Laurie Ryan

Personal information
- Full name: Laurence John Ryan
- Date of birth: 15 October 1963 (age 62)
- Place of birth: Watford, England
- Height: 5 ft 8 in (1.73 m)
- Position: Forward

Senior career*
- Years: Team / Apps / (Gls)
- 1982–1984: St Albans City / 63 / (36)
- 1984–1985: Chesham United / 47 / (28)
- 1985–1988: Dunstable
- 1988–1990: Cambridge United / 51 / (13)
- 1990: → Colchester United (loan) / 3 / (0)
- 1990–1991: Colchester United / 10 / (3)
- 1991–1996: Cambridge City / 126+5 / (64)

= Laurie Ryan =

English footballer

Laurence John "Laurie" Ryan (born 15 October 1963) is an English former professional footballer who played as a forward in the Football League for Cambridge United.

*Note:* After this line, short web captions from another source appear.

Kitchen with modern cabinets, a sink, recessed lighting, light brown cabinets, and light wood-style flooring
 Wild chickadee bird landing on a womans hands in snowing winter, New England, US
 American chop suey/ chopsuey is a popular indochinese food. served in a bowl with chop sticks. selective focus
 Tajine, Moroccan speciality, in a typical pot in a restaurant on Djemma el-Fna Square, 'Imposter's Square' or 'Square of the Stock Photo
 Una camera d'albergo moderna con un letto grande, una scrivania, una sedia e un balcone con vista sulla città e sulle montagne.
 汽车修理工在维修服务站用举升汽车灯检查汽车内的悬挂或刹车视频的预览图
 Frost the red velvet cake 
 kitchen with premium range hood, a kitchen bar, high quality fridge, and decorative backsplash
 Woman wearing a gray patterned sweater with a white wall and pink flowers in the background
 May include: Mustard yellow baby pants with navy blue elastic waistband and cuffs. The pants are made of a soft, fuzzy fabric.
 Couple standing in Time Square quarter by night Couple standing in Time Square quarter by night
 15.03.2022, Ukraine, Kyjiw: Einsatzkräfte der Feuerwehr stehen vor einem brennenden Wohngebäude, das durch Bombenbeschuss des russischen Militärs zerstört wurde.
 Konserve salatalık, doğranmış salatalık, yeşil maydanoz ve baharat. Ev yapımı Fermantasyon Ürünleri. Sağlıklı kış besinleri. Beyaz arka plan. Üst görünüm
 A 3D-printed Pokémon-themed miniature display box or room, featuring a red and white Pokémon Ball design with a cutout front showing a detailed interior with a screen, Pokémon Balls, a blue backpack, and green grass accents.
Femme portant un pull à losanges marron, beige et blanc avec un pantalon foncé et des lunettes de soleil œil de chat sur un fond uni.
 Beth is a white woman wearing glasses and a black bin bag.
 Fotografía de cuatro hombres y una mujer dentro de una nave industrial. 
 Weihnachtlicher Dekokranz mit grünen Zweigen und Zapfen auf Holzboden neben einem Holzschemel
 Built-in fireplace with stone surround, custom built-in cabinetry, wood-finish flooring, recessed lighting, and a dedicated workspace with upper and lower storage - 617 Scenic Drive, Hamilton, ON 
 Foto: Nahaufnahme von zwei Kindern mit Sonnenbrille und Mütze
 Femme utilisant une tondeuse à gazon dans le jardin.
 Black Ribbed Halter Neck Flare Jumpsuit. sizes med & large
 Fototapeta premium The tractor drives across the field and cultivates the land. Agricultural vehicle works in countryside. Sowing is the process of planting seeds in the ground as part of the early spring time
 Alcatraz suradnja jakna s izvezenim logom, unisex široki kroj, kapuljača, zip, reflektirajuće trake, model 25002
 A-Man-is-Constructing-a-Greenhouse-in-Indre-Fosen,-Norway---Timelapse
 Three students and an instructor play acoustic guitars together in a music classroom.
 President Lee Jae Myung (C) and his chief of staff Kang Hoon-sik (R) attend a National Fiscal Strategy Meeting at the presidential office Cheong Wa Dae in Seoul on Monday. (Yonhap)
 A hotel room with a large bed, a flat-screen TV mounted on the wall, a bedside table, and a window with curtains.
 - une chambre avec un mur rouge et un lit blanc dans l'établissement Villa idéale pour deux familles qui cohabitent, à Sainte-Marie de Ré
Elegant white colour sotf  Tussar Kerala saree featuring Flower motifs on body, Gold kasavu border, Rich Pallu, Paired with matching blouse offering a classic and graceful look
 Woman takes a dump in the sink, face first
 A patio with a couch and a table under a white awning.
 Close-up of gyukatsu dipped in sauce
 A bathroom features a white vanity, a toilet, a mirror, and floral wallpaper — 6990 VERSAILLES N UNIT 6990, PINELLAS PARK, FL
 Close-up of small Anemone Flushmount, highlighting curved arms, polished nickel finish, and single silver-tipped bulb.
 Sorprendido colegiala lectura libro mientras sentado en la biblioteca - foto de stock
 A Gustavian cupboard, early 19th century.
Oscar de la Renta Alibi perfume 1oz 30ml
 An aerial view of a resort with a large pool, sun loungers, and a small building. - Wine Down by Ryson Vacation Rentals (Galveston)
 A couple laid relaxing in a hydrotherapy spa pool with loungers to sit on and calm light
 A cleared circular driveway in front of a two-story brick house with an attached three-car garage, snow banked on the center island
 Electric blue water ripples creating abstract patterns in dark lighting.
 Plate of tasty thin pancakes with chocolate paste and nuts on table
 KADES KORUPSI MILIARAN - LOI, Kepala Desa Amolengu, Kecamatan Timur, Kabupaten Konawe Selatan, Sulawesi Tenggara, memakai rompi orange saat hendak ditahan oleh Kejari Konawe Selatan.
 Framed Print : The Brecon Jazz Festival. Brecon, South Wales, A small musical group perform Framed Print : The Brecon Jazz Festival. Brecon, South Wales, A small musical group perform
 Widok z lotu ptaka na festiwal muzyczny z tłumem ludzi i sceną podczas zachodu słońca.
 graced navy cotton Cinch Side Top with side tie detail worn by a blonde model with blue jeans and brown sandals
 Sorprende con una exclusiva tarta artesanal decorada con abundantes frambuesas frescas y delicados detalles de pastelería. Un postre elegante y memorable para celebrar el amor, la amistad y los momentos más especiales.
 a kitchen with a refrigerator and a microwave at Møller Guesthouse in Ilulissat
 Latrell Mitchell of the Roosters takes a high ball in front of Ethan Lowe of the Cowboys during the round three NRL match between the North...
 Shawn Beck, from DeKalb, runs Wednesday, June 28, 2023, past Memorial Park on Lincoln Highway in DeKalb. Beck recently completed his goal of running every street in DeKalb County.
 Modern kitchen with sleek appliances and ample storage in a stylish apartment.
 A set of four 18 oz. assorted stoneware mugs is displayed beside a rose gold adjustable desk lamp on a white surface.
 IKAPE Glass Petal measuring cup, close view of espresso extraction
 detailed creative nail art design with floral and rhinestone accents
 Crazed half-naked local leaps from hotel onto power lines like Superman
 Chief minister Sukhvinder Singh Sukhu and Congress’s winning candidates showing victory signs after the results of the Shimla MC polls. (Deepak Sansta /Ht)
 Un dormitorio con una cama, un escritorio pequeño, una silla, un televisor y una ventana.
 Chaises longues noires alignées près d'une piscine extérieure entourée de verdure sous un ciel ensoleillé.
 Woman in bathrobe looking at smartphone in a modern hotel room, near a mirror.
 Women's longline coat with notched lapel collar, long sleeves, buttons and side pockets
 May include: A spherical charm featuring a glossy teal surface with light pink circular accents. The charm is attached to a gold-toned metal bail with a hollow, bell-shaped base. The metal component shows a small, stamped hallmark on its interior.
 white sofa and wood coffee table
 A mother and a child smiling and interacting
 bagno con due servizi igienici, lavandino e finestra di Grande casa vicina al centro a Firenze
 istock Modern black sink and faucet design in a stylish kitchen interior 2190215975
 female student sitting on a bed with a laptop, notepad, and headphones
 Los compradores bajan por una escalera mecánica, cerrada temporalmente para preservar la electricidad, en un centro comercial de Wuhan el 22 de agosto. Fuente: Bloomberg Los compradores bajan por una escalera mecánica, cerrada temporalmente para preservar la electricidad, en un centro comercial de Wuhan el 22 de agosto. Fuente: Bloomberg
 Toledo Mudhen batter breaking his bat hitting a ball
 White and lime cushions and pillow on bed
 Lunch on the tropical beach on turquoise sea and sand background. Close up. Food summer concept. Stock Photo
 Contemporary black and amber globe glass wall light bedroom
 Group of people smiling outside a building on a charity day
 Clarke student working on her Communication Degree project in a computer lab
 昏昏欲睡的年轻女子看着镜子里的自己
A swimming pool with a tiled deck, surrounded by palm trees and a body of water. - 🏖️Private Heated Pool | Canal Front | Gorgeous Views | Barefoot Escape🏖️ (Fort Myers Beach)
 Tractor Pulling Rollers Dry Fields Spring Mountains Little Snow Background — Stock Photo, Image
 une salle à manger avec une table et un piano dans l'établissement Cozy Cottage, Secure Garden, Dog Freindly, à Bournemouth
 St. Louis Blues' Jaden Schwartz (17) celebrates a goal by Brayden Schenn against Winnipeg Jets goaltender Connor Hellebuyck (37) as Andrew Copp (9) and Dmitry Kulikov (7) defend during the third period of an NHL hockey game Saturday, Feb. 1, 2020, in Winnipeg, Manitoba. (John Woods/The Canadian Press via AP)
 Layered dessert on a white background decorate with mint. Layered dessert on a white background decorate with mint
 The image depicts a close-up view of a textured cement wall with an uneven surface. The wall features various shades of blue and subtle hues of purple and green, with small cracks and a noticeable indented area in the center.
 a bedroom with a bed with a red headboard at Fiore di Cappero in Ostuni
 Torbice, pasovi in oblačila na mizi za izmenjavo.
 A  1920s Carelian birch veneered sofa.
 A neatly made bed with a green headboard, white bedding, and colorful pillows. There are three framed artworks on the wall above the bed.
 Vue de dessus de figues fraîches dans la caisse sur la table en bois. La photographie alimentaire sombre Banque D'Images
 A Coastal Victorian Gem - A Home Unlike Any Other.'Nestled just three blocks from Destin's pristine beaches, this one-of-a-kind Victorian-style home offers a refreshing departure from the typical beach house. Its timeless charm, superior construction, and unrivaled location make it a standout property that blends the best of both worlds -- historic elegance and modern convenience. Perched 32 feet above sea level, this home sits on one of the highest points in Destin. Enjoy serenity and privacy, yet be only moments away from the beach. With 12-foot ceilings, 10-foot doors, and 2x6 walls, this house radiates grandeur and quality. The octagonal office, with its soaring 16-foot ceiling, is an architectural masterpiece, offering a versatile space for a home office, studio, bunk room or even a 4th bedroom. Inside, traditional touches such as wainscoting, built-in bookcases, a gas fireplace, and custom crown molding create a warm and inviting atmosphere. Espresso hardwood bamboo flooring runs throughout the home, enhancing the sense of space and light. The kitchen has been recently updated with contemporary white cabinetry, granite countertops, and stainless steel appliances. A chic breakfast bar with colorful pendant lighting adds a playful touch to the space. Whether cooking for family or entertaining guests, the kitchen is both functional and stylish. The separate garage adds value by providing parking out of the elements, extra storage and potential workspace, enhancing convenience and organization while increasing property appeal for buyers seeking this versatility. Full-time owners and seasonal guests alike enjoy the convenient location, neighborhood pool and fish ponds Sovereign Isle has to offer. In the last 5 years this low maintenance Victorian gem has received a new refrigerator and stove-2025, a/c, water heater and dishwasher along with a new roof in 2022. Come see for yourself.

Ryan had non-League experience with St Albans City, Chesham United and Dunstable prior to joining Cambridge United in 1988. He scored 13 times in 51 league appearances, and had a loan spell with Conference side Colchester United in September 1990. He joined Colchester on a permanent basis following his release by Cambridge. At the end of the season, Ryan left Colchester to join Cambridge City, where he played until 1996.

==Career==
Born in Watford, Ryan played for Isthmian League 1 outfit St Albans City between 1982 and 1984. He made a total of 77 appearances in all competitions for the club, scoring 36 goals, before spells with Chesham United and Dunstable.

Ryan joined Cambridge United from Dunstable in April 1988, and was top-scorer for the club in the 1988–89 season with 14 goals in all competitions.

Between his debut and December 1990, Ryan scored 13 goals in 51 league appearances, but towards the end of his spell, he was loaned out to Conference side Colchester United in September 1990. He made his Colchester debut on 19 September as a substitute in their 3–1 win at Boston United, making three substitute appearances before returning to Cambridge after his parent club commanded a £15,000 fee for a permanent transfer.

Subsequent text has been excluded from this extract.